REQUIREMENT: Please return the lines from the one with "Walnut & Coffee Gateau" through the end of the listing below, word for word, with every picture left out.

DATA EXCERPT:
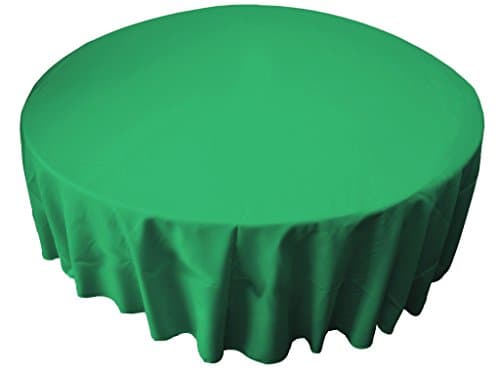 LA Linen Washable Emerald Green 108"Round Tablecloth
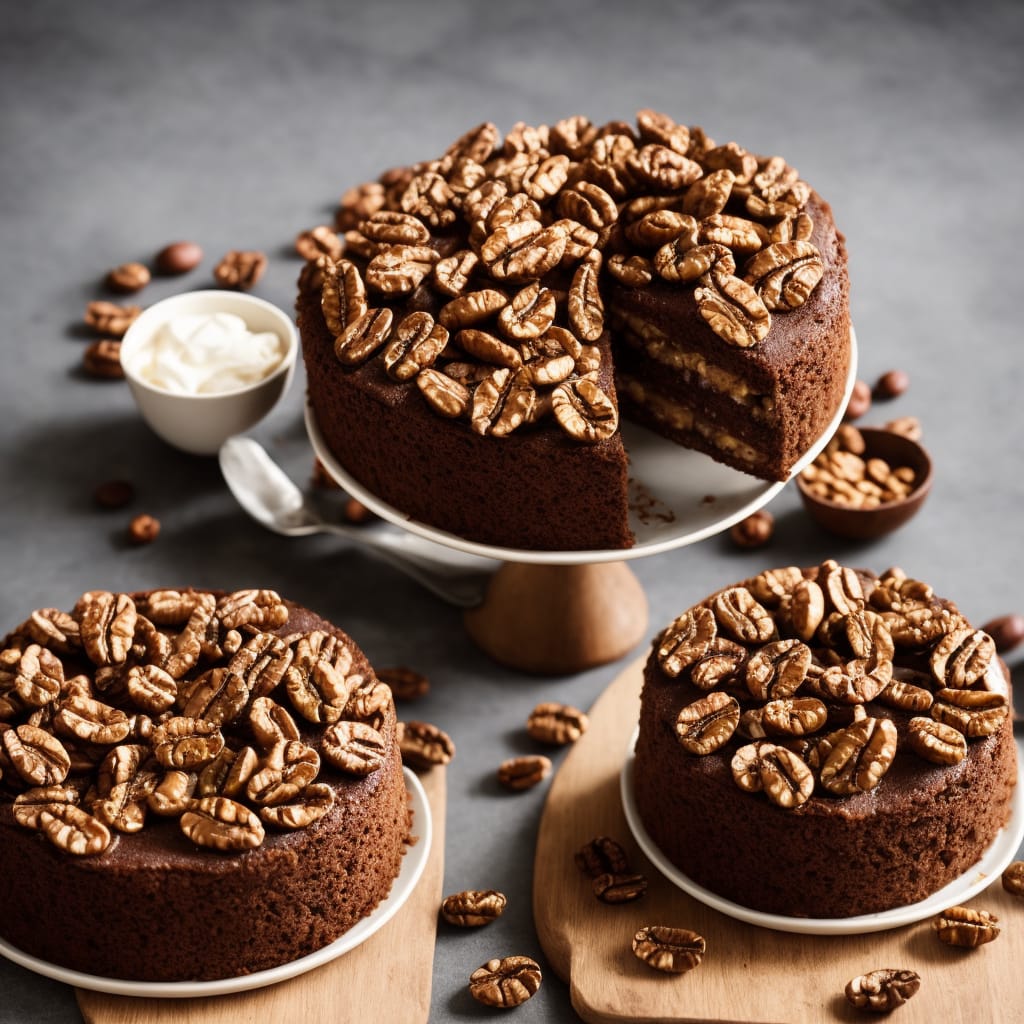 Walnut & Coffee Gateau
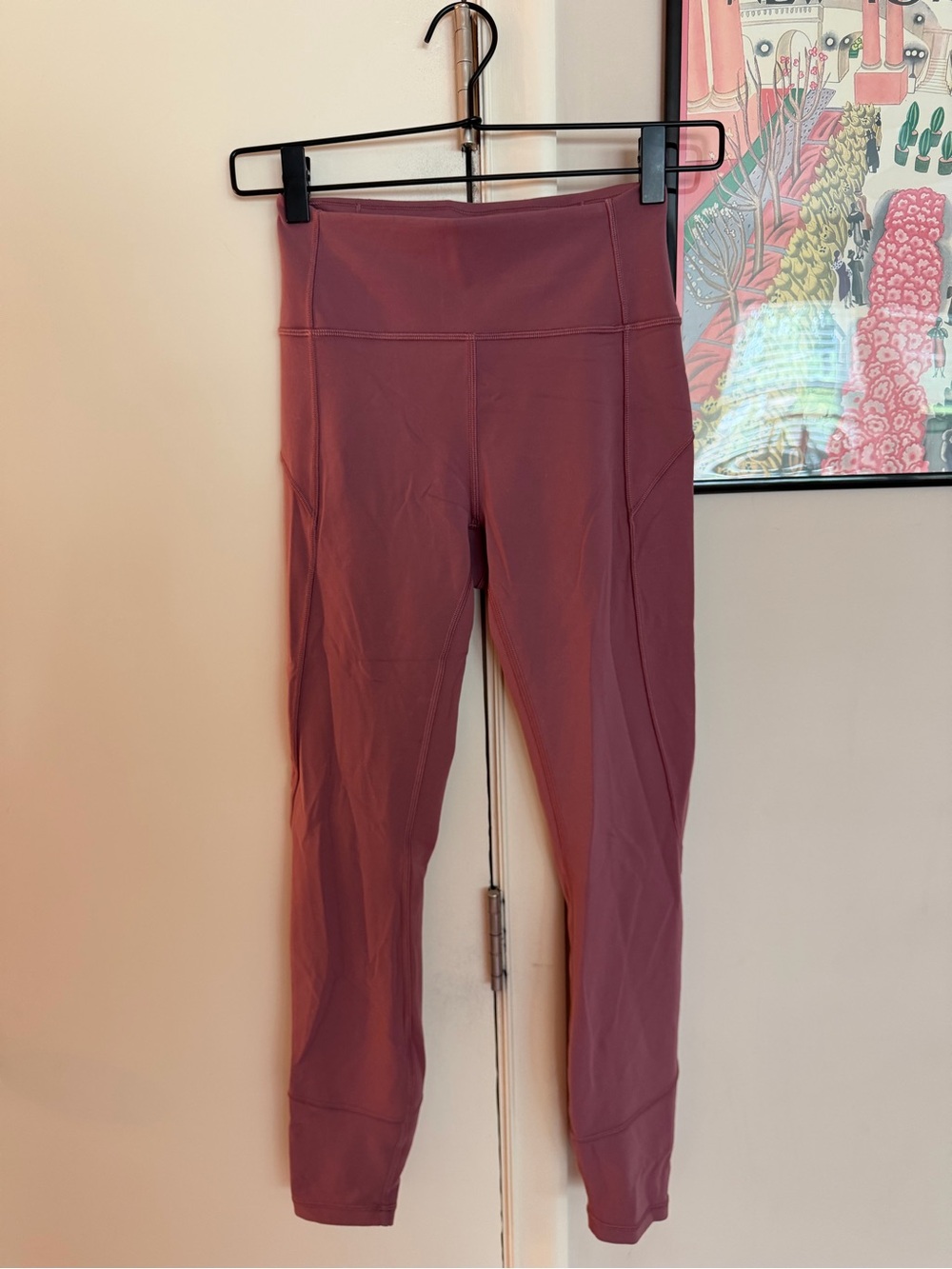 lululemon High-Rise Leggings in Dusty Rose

RESPONSE BELOW:
 Walnut & Coffee Gateau
 lululemon High-Rise Leggings in Dusty Rose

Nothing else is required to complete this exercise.